This has been one busy month so far, but guessing you already figured that out being that this is the 14th and the first post of the month. Bad Bri, veeryyy bad man. The good news is a lot of the busy time has been spent out in the woods looking for new birds to add to my list. That included a nice weekend with my brother checking out the local spots! I managed to pull a plus one on that outing but he was able to go a full six – more on that in a future post. Short on time tonight, I better get to today’s feature … wait for it .. wait for it .. yep, a bird! I really need to get caught up on my bird list thanks to Ron cranking out new birds every weekend. The only way they get checked on my list is if they show up here first. Translated … prepare yourself for a barrage of feather posts starting with this plus one.
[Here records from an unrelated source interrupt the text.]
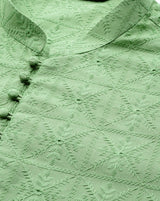 Riwaat.com Men Green Pure Cotton Chikankari Embroidered Straight Kurta Riwaat Chikankari Embroidered Mehendi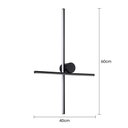 Ver imagem 2 de Arandela de Parede Led Nien 3000k Bivolt 60x40cm Metal, Alumínio e Silicone Preto - Nordecor 2936
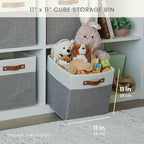 OrganiHaus 11" x 11" x 11" Fabric Cube Storage Bins Set of 4, Foldable Collapsible Canvas Storage Bins for Organizer, 11 inch Cubbies Organizer for Kallax, Linen Cube Shelf Baskets - Grey/White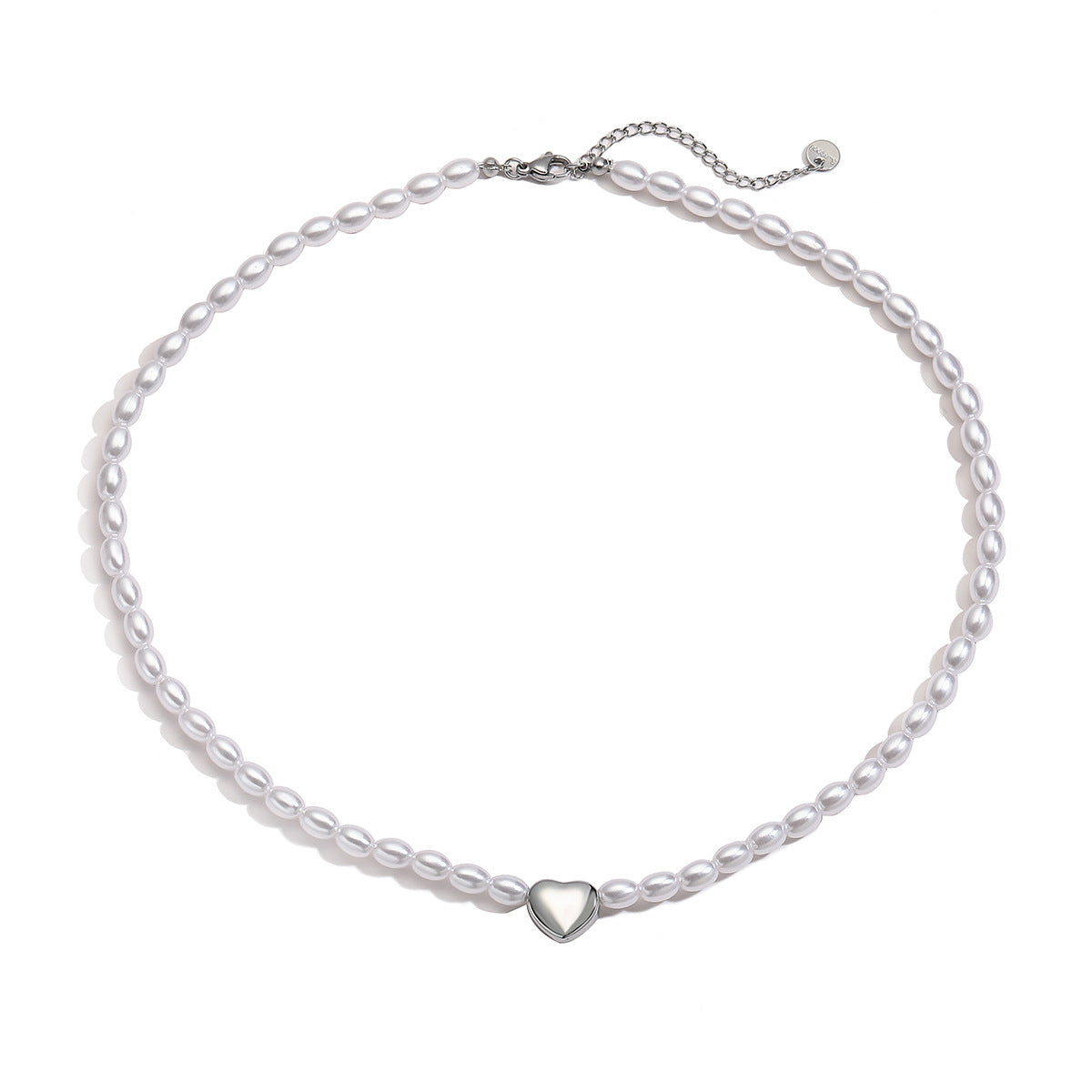 Collar Minimalista de Perlas de Acero Inoxidable con Baño de Oro de 18K en Forma de Corazón para Mujer con Delicado Diseño de Clavícula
For the readers out there with sharp memories, this bird does look like another one featured over a year ago (link here). That was a Western Meadowlark shot outside the Grand Tetons. This particular bird is of the Eastern variety. Ironically, this shot came AFTER a day of birding (with Ron) at Allerton Park in Monticello IL. A little foreshadowing – I’m just now getting to the fruits of that outing (soooo behind). On our way out, Linda noticed my brother pointing to something on the side of the road. It didn’t take long to spot this gorgeous yellow bird hanging out among some bare branches. Guess I owe Ron a big thanks for spotting this one for me. Something in the back of my head also says we might have been lost at the time so showing up there was luck in itself.
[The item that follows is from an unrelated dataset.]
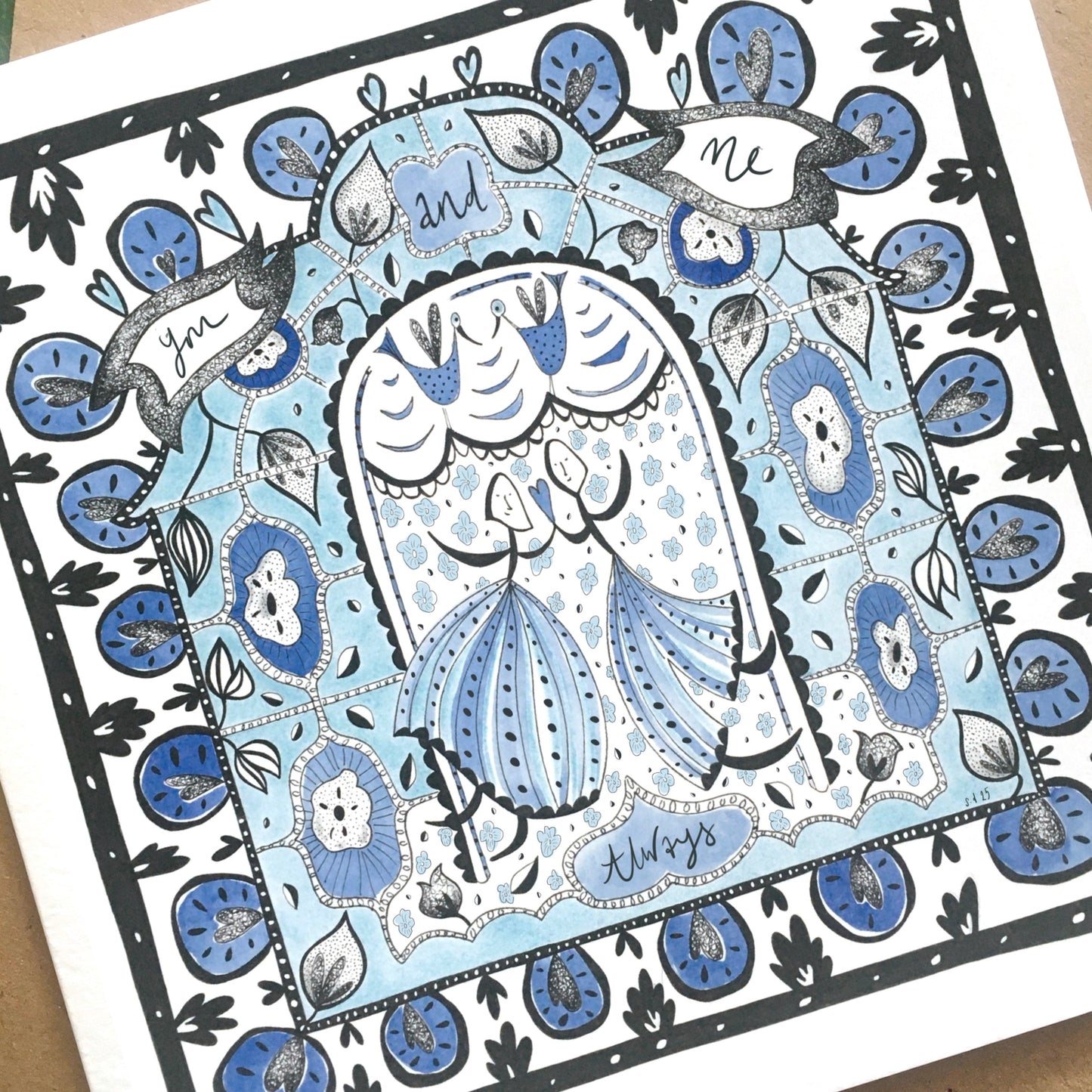 Illustrated Greetings Card (blank inside) with Kraft Brown Envelope (145mm x 145mm) - You and me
Let’s see what our favorite birding website, Cornell, has to say about Mr. Yellow. For the Trivia Crack addicts out there it may be interesting to know that the Eastern Meadowlark is not a member of the Lark family. Nice name there eh? They are kin to the Blackbird family. Maybe the Yellow Blackbird name was causing too much confusion. Males are typically so cool they keep two mates (heard they were advocating to the Supreme Court for marriage equality). The Western and Eastern varieties don’t buy into that whole “Beat It” video concept preferring to fight it out for territory claim – the bird version of East Coast vs West Coast although both in a neutral yellow color! They are primarily insect eaters which means they are fine by me. They need to take a vacation up to Goose Lake on the Hebron Trail – they would east like kings!
Not a whole lot more that jumps off the fact sheet. They have a Least Concern Conservation Status (yeah) and based on the shot above, they have no problem hanging out with female Red-Winged Blackbirds. That right there shows you the degree to which other birds respect that dagger of a bill. Red-Winged Blackbirds pretty much harass and attack every other bird (and my brother) that comes within 30 feet of them – here they were just sitting there behaving themselves. Truth be told I originally thought they were female Meadowlarks but they didn’t match the reference shots. Note, Ron and I actually tracked down a few more of these on our trip up to Starved Rock/Matthiessen State Park (lord, I am soooo behind). Oh well, at least I can take satisfaction in another plus one for the list.
That’s all for tonight folks – stay cool!